- Genre: Variety
- Directed by: Milt Douglas Fletcher Markle
- Country of origin: United States
- Original language: English

Production
- Producer: Fletcher Markle
- Camera setup: Multi-camera
- Running time: 30 minutes (March 1949–June 1949) 60 minutes (June 1949–April 1950)

Original release
- Network: DuMont Television Network
- Release: March 25, 1949 – April 2, 1950

= Front Row Center =

Front Row Center is the title of two American television programs with different formats that were broadcast on different networks.

== DuMont version ==
Front Row Center, an American variety show, aired on the DuMont Television Network from March 25, 1949, to April 2, 1950, The program was a renamed version of Hotel Broadway, with Whelan Drug Company continuing as sponsor, but with a new slot on DuMont's schedule. It initially was on from 9 to 9:30 p.m. Eastern Time on Fridays. In June 1949 it moved to 8-9 p.m. ET on Fridays, and in October 1949 it moved to 7-8 p.m. ET on Sundays.

Originally 30 minutes, the sustaining program expanded to 60 minutes on June 10, 1949, and DuMont personnel began seeking entertainers in an effort to make the program "television's standout talent quest show." That quest included holding auditions at DuMont's Adelphi Playhouse in New York City.

The premiere episode featured Marilyn Maxwell in her television debut.

One surviving episode from late 1949 is held at the UCLA Film & Television Archive.

=== Personnel ===
Frank Fontaine was the host. Regulars on the program were Marian Bruce, Joan Fields, Cass Franklin, Phil Leeds, Hal Lohman, Monica Moore, Bibi Osterwald, and Danny Shore.

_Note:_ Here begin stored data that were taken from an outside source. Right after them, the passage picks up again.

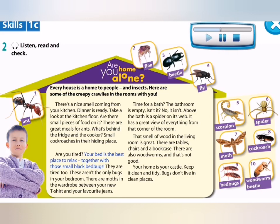Are you tired? Your bed is the best place to relax, together with those small black bedbugs. They are tired too. These aren't the only bugs in your bedroom. There are moths in the wardrobe between your new t-shirt and your favourite jeans. Time for a bath? The bathroom is empty, isn't it? No, it isn't. Above the bath is a spider on its web. It has a great view of everything from that corner of the room.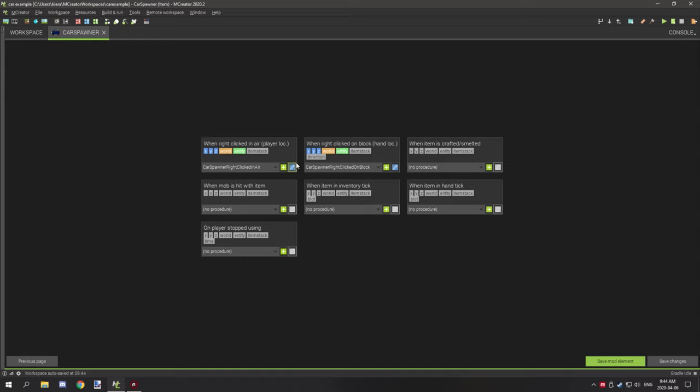For the right-click-on-block procedure, it's basically the same thing, only we're testing for air one block above at the same coordinates. Rather than spawning the entity at the same level, we're spawning it one block above so it's not inside the block itself. The car model is selected, and the sound plays at the one-block-above location as well.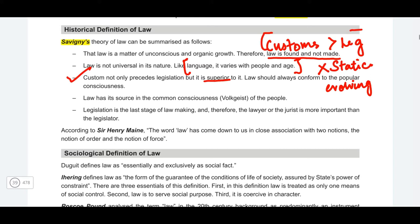Custom not only precedes legislation but is superior to it. Law should always conform to the popular consciousness — as society's beliefs and needs change, even the law must change accordingly. This is directly in opposition to the positivist thinkers, who believe that law must be as it is even if it was made 200 or 300 years ago — as long as it was made by the political superior, even if it is unjust it can still be the law. The historical school thinkers believe otherwise — as people change, the law must change with them.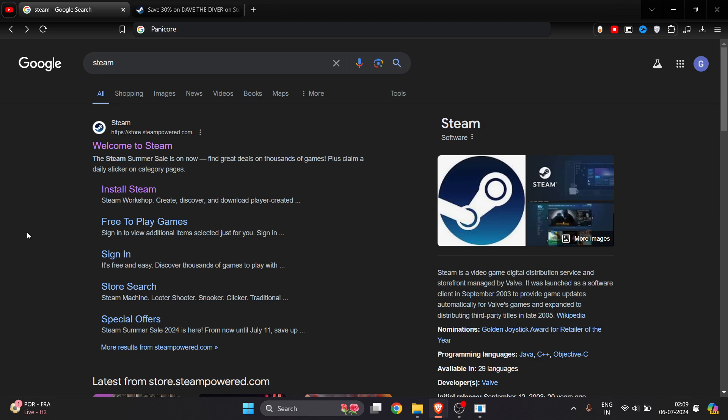Welcome. In this video I'm going to show you how to download and install Ancore on your laptop or PC. To download this game you need to have Steam, so just go to Google and search for Steam.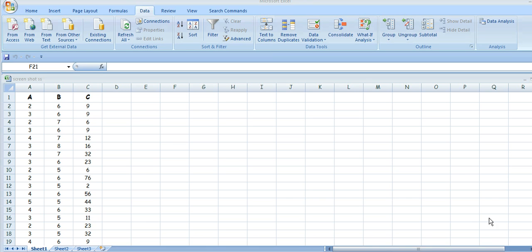This is how to use Excel 2007 to plot a graph of several means and to apply 95% confidence limit error bars to those means individually.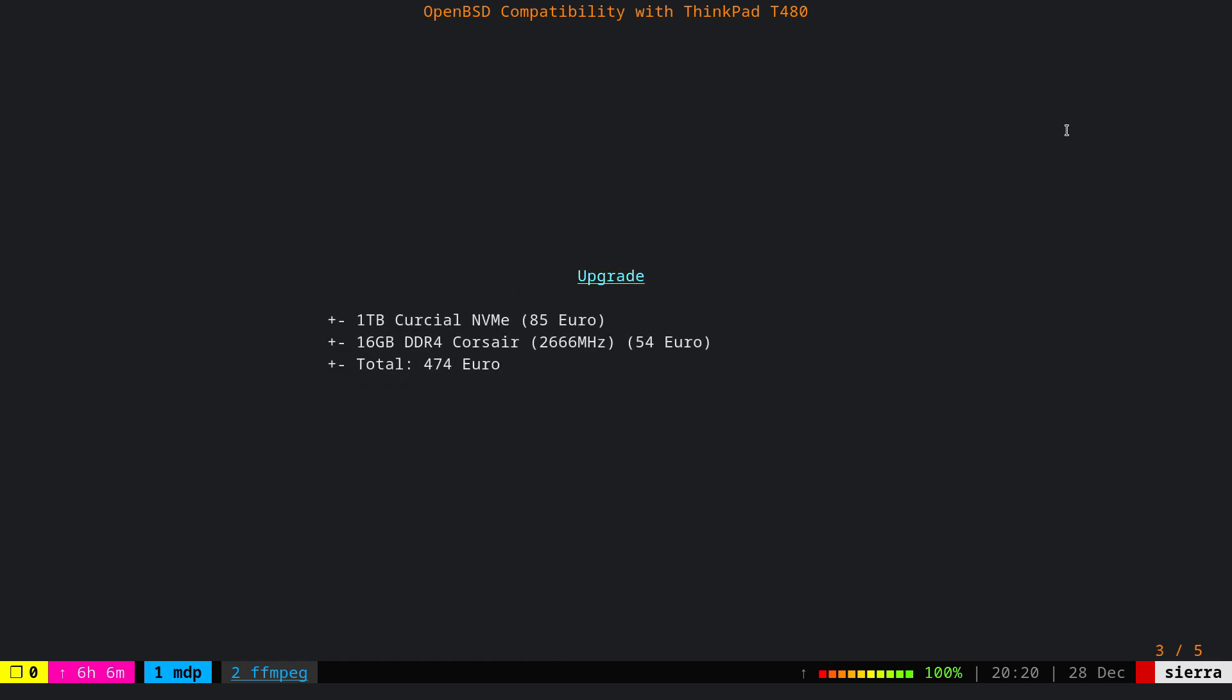I also did some upgrades. I purchased a 1TB NVMe, it cost me €85. And I also added an additional 16 GB RAM because it has two RAM slots, and that cost me €54. In total, I paid €474.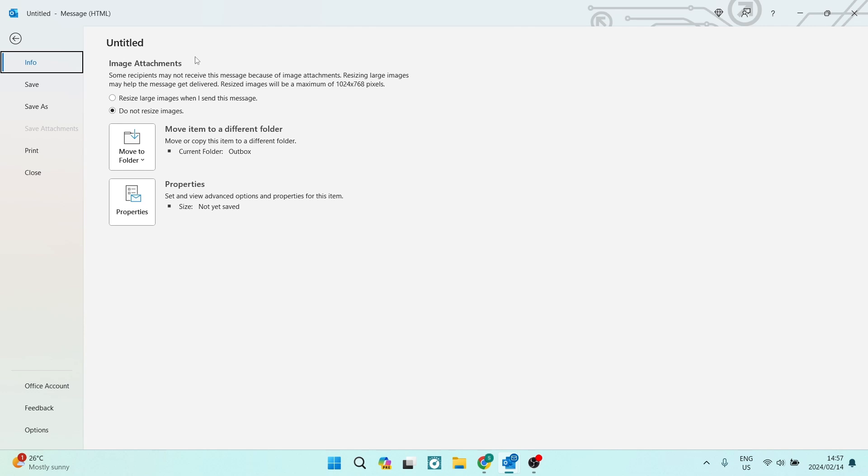Resizing large images may help the message get delivered. Resized images will be a maximum of 1024 by 768 pixels. So what you can do here is just tap on Resize Large Images When I Send This Message.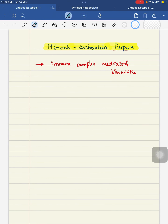Hello everyone, very good morning. Today we will talk about your important 5 mark questions in your university exam and also in your clinical practice. That is your Henoch-Schönlein Purpura.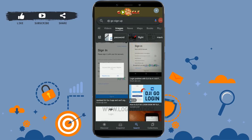Hello everyone, welcome back to the Login channel. Today for this episode I will be showing you the process for how you can sign up for the DJI Go application or DJI Go account.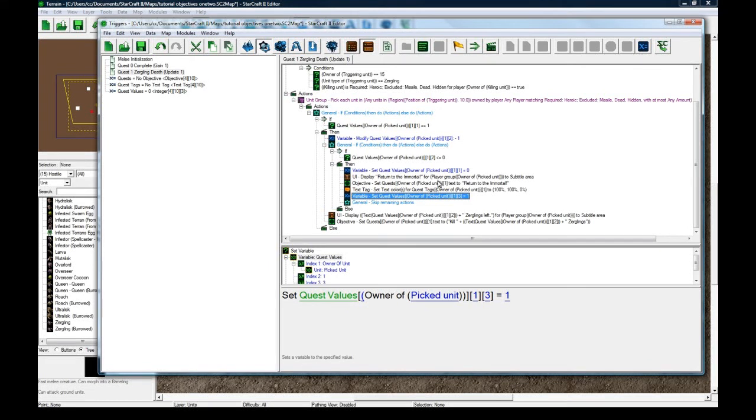This looks like maybe a mess to some people, but if you've sat through this all, then you'll be pretty good to go for any objectives in your RPG or whatever.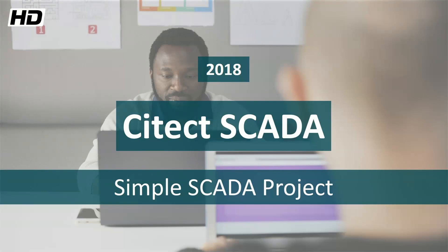Hello everyone, it's Martin, and today in this video I want to show you a simple SCADA project using Citect SCADA.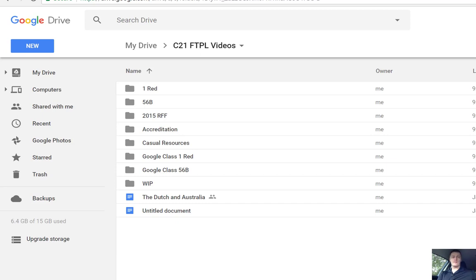Now I would always only ever recommend having a handful of your folders with a different colour than the default grey, otherwise it becomes a real mishmash of colours and it actually defeats the purpose of making them easy to spot.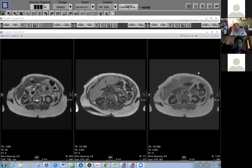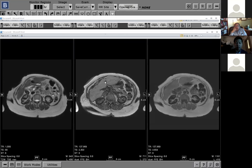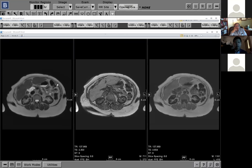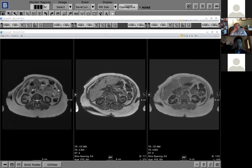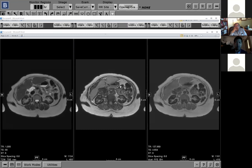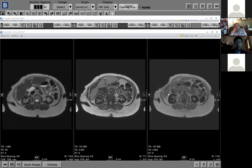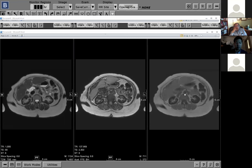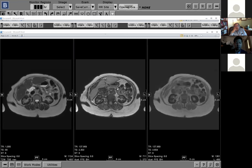Just a couple of cool diagnoses — one gray call and one subtle miss. This first case is interesting because it's an indication — a cause for this entity — that I had never realized until this case.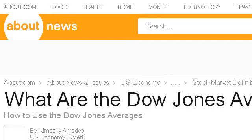Try also our second ranked site, useconomy.about.com, especially the page 'Dow Jones Averages: Definition and History.' Here's the link.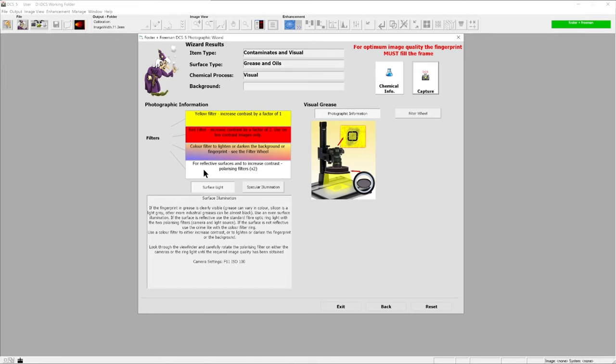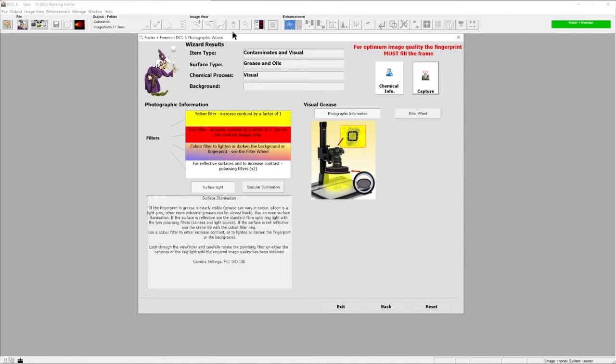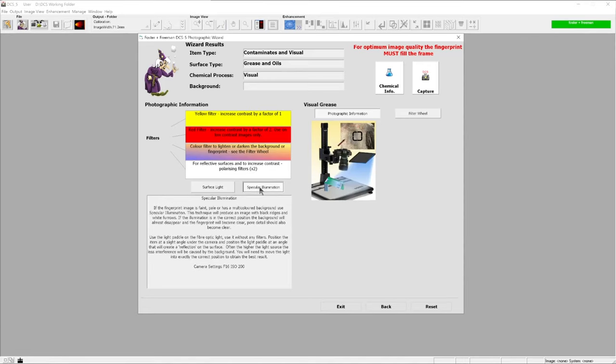In this case, we can see that we have a couple of different options. One of them being surface light - illumination from above and potentially the use of a polarizing filter.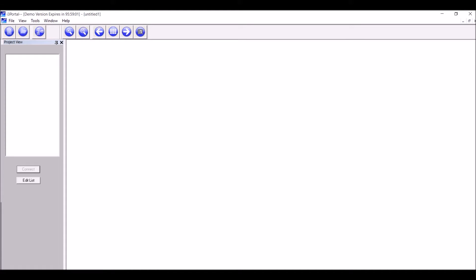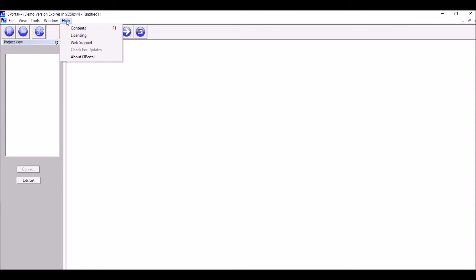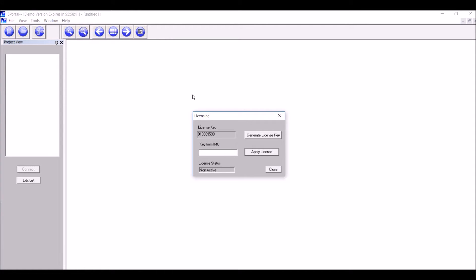Hello all. In this tutorial, we will discuss how to license i3 Portal software. Install the i3 Portal software in the relevant PC. Open the software, click on Help, click on Licensing, and note down this license key.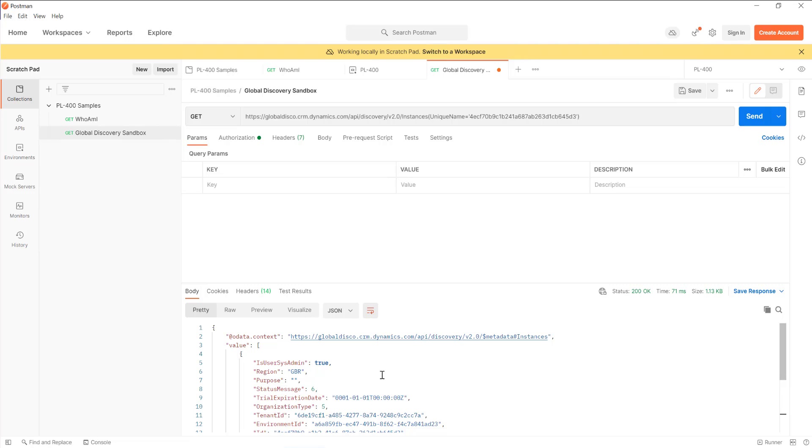So that wraps it up for this video. I hope you found this useful in terms of understanding how the global discovery endpoint works and how you can interact with it from Postman. Please like the video, subscribe to the channel if you're enjoying the content, and I'll see you next time as we continue our look at the Web API capabilities by seeing the type of requests that we can fire against our Dataverse environment. Cheers.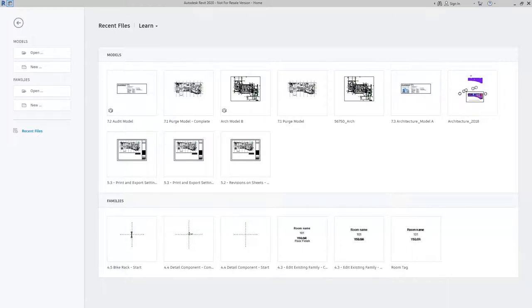You can also do this with families and your template files to make sure you're not spreading out a lot of different corruptions throughout.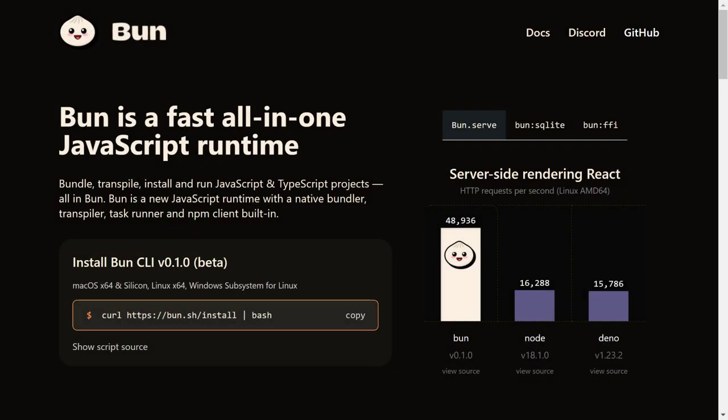To conclude, BUN is fun. It offers many new and exciting features right out of the box and is very performant. What more do you want? That's it for this video guys. See you in the next video. Happy coding until then.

Bill Harmon was the program's producer and director, and Stanton B. Fisher also directed. Sam Spear and his 14-piece orchestra provided music.

== CBS version ==
Front Row Center was a dramatic anthology series on CBS that originally ran from June 1, 1955, to September 21, 1955, and returned from January 8, 1956 until April 22, 1956. In 1955 the program was broadcast every Wednesday from 10 to 11 p.m. ET through June, after which it alternated in that time slot with The United States Steel Hour. Episodes from January to April 1956 were broadcast on Sunday afternoons.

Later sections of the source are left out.